> [Your assignment]:
Your answer must hold only the lines below from the line containing "Tokyo Design Studio - Gattino in Blu" through the line containing "Audi Q7 Kombi 3,0 l 176 kw", each reproduced exactly.

=-=-=

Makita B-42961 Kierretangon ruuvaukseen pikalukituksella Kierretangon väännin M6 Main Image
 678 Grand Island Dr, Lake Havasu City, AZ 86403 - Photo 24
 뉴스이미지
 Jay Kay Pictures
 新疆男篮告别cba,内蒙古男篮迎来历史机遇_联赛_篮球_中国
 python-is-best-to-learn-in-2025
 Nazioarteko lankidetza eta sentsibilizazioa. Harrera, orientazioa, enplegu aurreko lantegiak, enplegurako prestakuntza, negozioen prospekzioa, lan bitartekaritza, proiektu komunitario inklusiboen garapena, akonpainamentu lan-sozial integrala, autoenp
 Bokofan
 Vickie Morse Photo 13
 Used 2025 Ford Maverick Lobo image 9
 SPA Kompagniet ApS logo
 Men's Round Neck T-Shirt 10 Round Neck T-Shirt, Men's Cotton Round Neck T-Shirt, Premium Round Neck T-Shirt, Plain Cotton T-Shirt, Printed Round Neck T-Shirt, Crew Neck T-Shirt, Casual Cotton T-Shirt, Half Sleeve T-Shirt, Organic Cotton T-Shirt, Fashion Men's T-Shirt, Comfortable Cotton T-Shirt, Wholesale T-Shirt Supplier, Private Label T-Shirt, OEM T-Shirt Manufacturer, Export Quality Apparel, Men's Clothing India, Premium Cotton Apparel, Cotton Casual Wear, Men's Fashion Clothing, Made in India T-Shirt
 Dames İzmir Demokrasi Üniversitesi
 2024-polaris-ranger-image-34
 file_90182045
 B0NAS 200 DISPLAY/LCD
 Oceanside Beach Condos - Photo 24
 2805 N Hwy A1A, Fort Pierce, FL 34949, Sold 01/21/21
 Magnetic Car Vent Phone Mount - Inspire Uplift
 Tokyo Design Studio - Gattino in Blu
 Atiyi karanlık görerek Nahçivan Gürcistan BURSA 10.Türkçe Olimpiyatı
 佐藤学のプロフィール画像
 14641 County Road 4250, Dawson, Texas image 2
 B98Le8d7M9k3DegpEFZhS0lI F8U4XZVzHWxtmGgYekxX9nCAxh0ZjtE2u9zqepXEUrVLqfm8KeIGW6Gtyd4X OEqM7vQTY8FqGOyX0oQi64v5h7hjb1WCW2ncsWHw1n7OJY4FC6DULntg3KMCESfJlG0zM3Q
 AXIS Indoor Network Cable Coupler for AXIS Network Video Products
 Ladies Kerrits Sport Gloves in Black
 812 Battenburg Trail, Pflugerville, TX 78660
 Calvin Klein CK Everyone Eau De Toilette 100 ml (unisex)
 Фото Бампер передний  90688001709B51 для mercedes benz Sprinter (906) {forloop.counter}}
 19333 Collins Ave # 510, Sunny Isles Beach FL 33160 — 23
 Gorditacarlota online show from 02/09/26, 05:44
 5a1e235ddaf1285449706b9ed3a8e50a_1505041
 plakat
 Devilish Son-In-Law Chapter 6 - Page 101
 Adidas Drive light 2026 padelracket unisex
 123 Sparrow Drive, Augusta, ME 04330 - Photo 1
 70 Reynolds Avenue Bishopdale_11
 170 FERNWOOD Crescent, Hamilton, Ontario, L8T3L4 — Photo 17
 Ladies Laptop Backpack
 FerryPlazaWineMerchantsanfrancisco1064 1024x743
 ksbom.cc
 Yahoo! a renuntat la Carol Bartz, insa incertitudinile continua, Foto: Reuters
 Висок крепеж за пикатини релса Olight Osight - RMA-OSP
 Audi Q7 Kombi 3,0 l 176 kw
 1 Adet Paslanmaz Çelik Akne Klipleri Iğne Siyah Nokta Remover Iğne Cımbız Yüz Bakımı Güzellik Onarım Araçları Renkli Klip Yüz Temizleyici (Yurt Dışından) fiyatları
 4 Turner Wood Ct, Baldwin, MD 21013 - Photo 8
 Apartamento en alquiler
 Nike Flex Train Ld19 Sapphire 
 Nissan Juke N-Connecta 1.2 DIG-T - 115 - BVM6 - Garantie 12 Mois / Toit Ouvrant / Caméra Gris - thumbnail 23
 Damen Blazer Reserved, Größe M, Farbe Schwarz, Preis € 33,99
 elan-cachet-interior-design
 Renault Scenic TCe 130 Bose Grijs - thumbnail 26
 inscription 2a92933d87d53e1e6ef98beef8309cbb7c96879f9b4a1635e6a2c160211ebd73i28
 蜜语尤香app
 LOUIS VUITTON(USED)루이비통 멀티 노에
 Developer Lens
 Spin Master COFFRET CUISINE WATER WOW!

=-=-=

> [Exercise result]:
 Tokyo Design Studio - Gattino in Blu
 Atiyi karanlık görerek Nahçivan Gürcistan BURSA 10.Türkçe Olimpiyatı
 佐藤学のプロフィール画像
 14641 County Road 4250, Dawson, Texas image 2
 B98Le8d7M9k3DegpEFZhS0lI F8U4XZVzHWxtmGgYekxX9nCAxh0ZjtE2u9zqepXEUrVLqfm8KeIGW6Gtyd4X OEqM7vQTY8FqGOyX0oQi64v5h7hjb1WCW2ncsWHw1n7OJY4FC6DULntg3KMCESfJlG0zM3Q
 AXIS Indoor Network Cable Coupler for AXIS Network Video Products
 Ladies Kerrits Sport Gloves in Black
 812 Battenburg Trail, Pflugerville, TX 78660
 Calvin Klein CK Everyone Eau De Toilette 100 ml (unisex)
 Фото Бампер передний  90688001709B51 для mercedes benz Sprinter (906) {forloop.counter}}
 19333 Collins Ave # 510, Sunny Isles Beach FL 33160 — 23
 Gorditacarlota online show from 02/09/26, 05:44
 5a1e235ddaf1285449706b9ed3a8e50a_1505041
 plakat
 Devilish Son-In-Law Chapter 6 - Page 101
 Adidas Drive light 2026 padelracket unisex
 123 Sparrow Drive, Augusta, ME 04330 - Photo 1
 70 Reynolds Avenue Bishopdale_11
 170 FERNWOOD Crescent, Hamilton, Ontario, L8T3L4 — Photo 17
 Ladies Laptop Backpack
 FerryPlazaWineMerchantsanfrancisco1064 1024x743
 ksbom.cc
 Yahoo! a renuntat la Carol Bartz, insa incertitudinile continua, Foto: Reuters
 Висок крепеж за пикатини релса Olight Osight - RMA-OSP
 Audi Q7 Kombi 3,0 l 176 kw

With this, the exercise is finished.